Use Anchorage Connectors as Directed
Although a simple step, one critical step you can take to keep workers safe at height is to read and understand the instructions for using anchorage connectors correctly. Manufacturers can design anchorage connectors to manage the energy of a fall in different ways, so workers need to understand what an anchorage connector has been designed to do.
“It’s important that end-users read the literature and use anchorage connectors properly,” Small explains. “Workers need to understand how the manufacturer has intended the anchorage connector to be used.”
Small notes that some anchors can screw into soil or metal decking, while others can wrap around trees. These different circumstances leave anchorage connectors open to misuse if workers do not understand how the manufacturer intended them to be used.
“In the field, I see people tying things other than fall protection to anchors out of convenience because they need an anchor for something else,” he explains. “You never want to overload an anchor.”

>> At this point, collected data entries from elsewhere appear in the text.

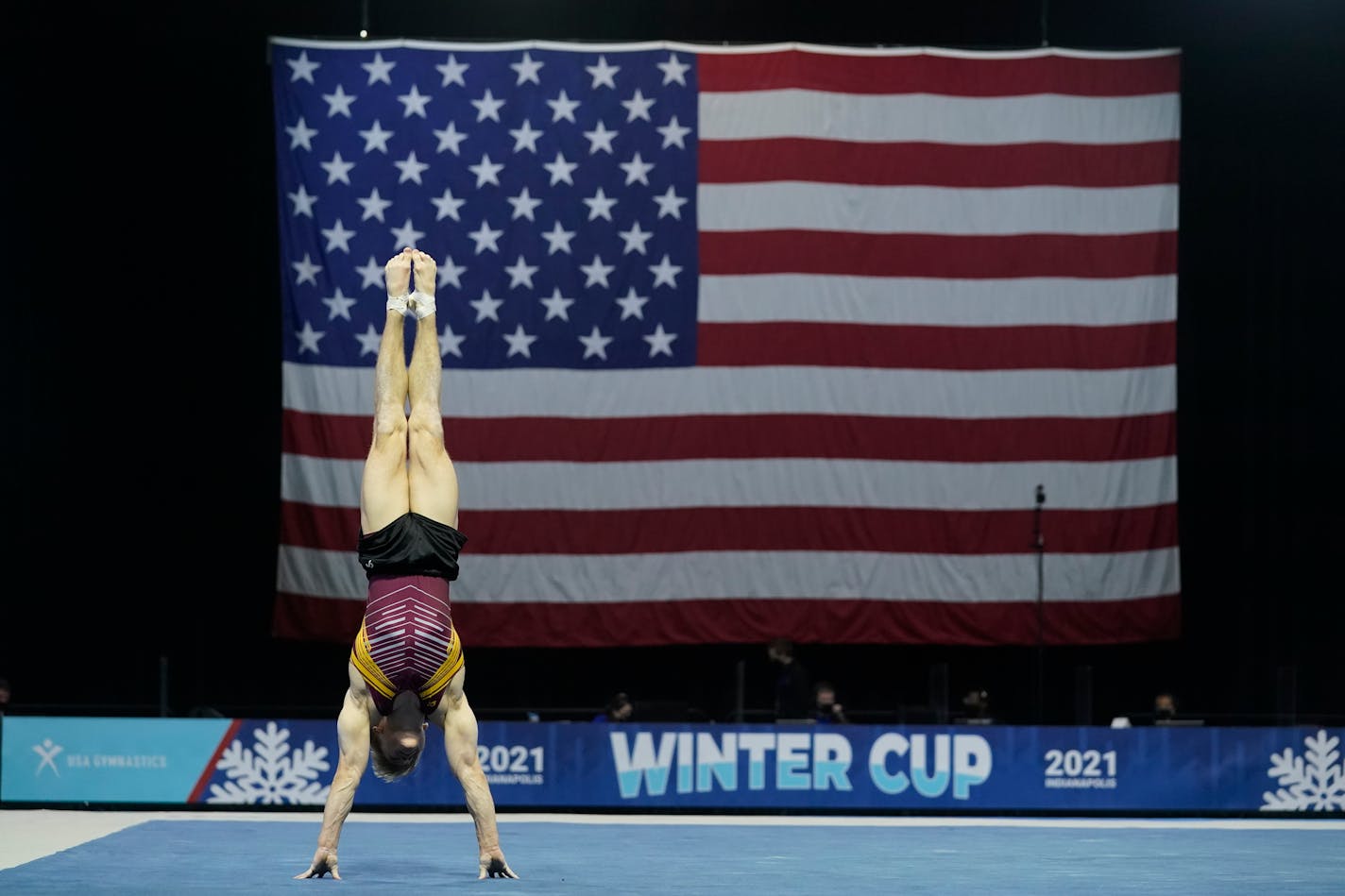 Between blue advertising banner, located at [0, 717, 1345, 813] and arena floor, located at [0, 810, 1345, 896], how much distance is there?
0.28 meters

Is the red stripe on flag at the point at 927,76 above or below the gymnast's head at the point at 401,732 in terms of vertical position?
above

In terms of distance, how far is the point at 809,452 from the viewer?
640 inches

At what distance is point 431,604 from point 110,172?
10.5 m

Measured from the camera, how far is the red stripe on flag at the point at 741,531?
637 inches

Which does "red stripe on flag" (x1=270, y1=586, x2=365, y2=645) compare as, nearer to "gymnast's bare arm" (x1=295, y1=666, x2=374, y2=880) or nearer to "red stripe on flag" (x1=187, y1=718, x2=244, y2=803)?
"red stripe on flag" (x1=187, y1=718, x2=244, y2=803)

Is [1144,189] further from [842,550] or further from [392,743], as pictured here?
[392,743]

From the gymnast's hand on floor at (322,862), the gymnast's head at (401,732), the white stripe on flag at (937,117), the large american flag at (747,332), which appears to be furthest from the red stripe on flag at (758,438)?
the gymnast's hand on floor at (322,862)

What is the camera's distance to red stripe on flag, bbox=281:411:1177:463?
53.3ft

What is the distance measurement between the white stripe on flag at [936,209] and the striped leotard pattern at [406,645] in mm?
8408

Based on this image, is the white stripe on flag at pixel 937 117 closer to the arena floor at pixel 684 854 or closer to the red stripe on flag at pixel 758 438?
the red stripe on flag at pixel 758 438

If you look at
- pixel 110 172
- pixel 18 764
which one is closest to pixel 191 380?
pixel 110 172

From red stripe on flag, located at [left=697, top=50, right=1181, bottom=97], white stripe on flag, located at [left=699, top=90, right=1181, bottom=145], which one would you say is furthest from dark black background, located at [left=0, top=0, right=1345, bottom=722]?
white stripe on flag, located at [left=699, top=90, right=1181, bottom=145]

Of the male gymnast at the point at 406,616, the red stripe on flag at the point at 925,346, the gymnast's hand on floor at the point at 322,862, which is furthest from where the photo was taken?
the red stripe on flag at the point at 925,346

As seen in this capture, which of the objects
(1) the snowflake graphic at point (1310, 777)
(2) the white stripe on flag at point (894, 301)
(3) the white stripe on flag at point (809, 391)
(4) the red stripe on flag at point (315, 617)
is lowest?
(1) the snowflake graphic at point (1310, 777) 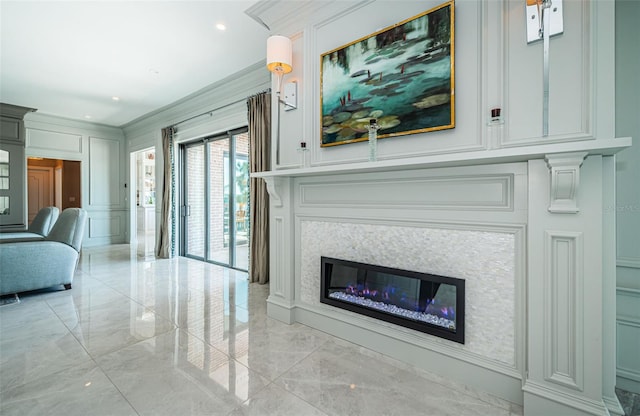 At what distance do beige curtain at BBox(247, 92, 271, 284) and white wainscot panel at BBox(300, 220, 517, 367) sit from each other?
6.32ft

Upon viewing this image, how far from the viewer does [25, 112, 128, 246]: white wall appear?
625 centimetres

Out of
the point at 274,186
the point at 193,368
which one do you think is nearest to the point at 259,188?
the point at 274,186

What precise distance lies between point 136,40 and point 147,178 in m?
7.03

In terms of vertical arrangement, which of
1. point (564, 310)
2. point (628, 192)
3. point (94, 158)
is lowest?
point (564, 310)

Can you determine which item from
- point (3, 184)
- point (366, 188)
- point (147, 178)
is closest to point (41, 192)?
point (147, 178)

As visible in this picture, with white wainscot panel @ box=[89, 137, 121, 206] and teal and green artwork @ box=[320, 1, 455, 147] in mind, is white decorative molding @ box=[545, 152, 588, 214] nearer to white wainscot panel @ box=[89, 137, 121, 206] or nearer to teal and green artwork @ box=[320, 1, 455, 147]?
teal and green artwork @ box=[320, 1, 455, 147]

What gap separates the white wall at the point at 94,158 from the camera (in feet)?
20.5

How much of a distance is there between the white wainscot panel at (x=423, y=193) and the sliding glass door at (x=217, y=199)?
7.72 ft

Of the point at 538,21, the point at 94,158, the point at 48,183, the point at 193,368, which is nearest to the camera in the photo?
the point at 538,21

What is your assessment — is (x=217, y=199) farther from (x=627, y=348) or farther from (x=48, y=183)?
(x=48, y=183)

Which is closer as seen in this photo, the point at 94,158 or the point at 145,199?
the point at 94,158

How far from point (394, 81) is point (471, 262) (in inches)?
50.1

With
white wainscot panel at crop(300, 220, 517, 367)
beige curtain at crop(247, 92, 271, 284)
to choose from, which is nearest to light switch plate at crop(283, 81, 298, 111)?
white wainscot panel at crop(300, 220, 517, 367)

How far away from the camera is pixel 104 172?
23.3ft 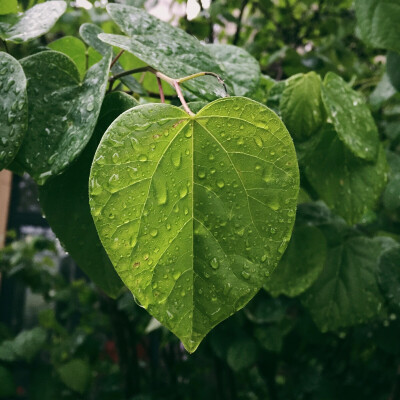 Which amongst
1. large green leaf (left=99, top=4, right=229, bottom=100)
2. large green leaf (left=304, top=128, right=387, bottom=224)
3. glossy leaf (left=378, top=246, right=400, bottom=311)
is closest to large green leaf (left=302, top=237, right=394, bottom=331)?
glossy leaf (left=378, top=246, right=400, bottom=311)

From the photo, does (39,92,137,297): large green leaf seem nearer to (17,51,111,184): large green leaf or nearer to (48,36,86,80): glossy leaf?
(17,51,111,184): large green leaf

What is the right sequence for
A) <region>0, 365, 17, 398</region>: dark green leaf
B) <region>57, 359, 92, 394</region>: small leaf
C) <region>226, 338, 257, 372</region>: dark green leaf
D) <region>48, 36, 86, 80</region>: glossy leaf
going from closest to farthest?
1. <region>48, 36, 86, 80</region>: glossy leaf
2. <region>226, 338, 257, 372</region>: dark green leaf
3. <region>0, 365, 17, 398</region>: dark green leaf
4. <region>57, 359, 92, 394</region>: small leaf

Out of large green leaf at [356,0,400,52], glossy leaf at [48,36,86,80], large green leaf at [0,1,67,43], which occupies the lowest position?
large green leaf at [356,0,400,52]

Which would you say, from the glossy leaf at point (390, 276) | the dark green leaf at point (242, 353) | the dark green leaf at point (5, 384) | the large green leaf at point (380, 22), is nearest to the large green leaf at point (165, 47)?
the large green leaf at point (380, 22)

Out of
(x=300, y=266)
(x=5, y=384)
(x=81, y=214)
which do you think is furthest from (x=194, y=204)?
(x=5, y=384)

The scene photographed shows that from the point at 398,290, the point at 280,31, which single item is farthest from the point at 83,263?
the point at 280,31

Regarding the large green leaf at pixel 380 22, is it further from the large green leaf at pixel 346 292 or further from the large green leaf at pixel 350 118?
the large green leaf at pixel 346 292

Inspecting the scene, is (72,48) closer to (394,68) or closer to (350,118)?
(350,118) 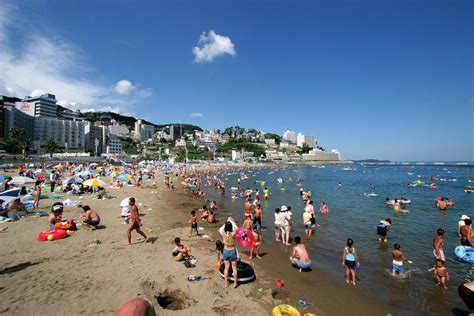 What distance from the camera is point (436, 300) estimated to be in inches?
291

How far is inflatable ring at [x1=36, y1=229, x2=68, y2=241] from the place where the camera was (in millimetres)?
10000

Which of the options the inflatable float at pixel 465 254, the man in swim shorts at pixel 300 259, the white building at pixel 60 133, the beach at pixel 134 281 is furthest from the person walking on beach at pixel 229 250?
the white building at pixel 60 133

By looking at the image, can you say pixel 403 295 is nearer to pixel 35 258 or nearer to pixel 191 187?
pixel 35 258

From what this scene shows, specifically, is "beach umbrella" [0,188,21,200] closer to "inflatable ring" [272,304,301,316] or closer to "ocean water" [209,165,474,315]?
"ocean water" [209,165,474,315]

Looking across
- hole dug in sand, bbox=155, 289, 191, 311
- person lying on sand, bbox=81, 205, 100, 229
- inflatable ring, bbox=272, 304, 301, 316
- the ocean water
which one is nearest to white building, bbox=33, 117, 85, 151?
person lying on sand, bbox=81, 205, 100, 229

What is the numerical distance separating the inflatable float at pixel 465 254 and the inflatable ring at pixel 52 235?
15.2 m

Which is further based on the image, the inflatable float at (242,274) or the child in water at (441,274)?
the child in water at (441,274)

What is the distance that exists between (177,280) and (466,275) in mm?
9480

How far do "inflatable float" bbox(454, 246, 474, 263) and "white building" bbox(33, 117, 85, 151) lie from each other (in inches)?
4511

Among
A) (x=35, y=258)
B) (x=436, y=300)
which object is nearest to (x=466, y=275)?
(x=436, y=300)

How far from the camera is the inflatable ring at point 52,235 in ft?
32.8

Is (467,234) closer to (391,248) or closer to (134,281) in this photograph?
(391,248)

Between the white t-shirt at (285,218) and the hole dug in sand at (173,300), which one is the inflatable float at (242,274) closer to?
the hole dug in sand at (173,300)

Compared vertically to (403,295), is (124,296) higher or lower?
higher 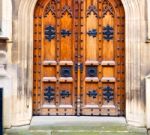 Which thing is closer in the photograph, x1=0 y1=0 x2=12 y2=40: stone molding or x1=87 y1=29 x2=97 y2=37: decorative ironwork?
x1=0 y1=0 x2=12 y2=40: stone molding

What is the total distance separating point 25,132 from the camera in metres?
7.02

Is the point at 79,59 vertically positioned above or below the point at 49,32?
below

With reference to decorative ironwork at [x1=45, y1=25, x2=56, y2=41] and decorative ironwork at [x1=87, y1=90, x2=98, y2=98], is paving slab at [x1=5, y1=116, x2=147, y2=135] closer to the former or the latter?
decorative ironwork at [x1=87, y1=90, x2=98, y2=98]

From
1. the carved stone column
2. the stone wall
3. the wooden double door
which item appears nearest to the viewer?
the carved stone column

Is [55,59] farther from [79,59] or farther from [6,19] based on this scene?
[6,19]

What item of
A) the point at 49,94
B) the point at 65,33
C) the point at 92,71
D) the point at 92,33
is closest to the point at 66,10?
the point at 65,33

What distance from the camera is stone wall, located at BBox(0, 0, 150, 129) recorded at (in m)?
7.18

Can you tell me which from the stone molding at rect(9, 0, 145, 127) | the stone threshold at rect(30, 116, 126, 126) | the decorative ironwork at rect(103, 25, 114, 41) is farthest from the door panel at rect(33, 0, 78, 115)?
the decorative ironwork at rect(103, 25, 114, 41)

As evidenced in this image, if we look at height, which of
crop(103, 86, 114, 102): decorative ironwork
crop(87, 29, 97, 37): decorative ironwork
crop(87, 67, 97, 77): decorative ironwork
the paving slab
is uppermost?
crop(87, 29, 97, 37): decorative ironwork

Furthermore, while the concept of what anchorage connectors do appears to be simple, they are the most complicated part of the fall protection system.
“Anchorage connectors are where the fall protection system interfaces with the real world, and as a result you have hundreds, if not thousands of different ways of connecting,” says Small. “So, they are the most complicated and potentially subject to the most abuse If you take one that's intended for one purpose and use it for a purpose that it's not intended to use for.”